Although management researchers acknowledge that intuition is an important and essential cognitive tool for managing an organization, they also acknowledge that it is not sufficient (Dhami M. & Thomson M., 2012).

2.2.3. Cognitive Continuum Theory

Simon (1987) mentioned that a combination of intuition and analysis need to be employ by effective manager (Dhami M. & Thomson M., 2012). Researchers have focused on the idea that managers may move back and forth from intuitive and rational or analytic thinking (Sadler-Smith & Sparrow, 2008; Dhami M. & Thomson M., 2012).

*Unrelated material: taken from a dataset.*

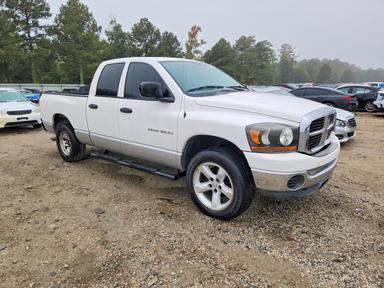 Vue de 2006 DODGE RAM, angle 4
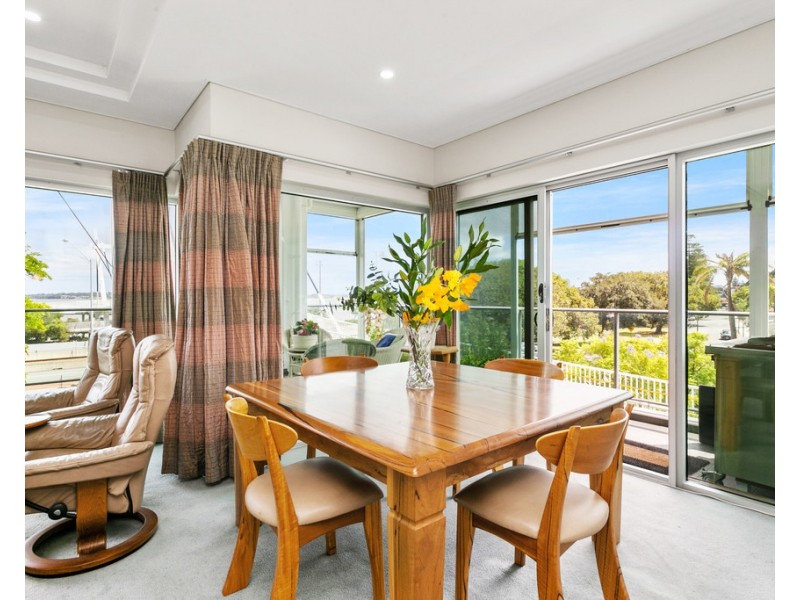 14/1 Preston Street, Como WA 6152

Hammond (1996) stated that there are many situations where either analysis or intuition cannot be easily used (Dhami M. & Thomson M., 2012), he rejected the view that intuition and analysis were ‘rival’ forms of knowing, and questioned whether judgement and decision making had to be either intuitive or analytical (Parker-Tomlin M. et al. 2017). There are many difficulties and challenges in the management environment to the use of pure analysis and pure intuition (Dhami M. & Thomson M., 2012). Simon (1987) stated that successful managers must use a combination of analysis and intuition. The effective manager does not have the luxury of choosing between analytic and intuitive approaches to problems. Behaving like a manager means having command of the whole range of management skills and applying them as they become appropriate (Simon, 1987).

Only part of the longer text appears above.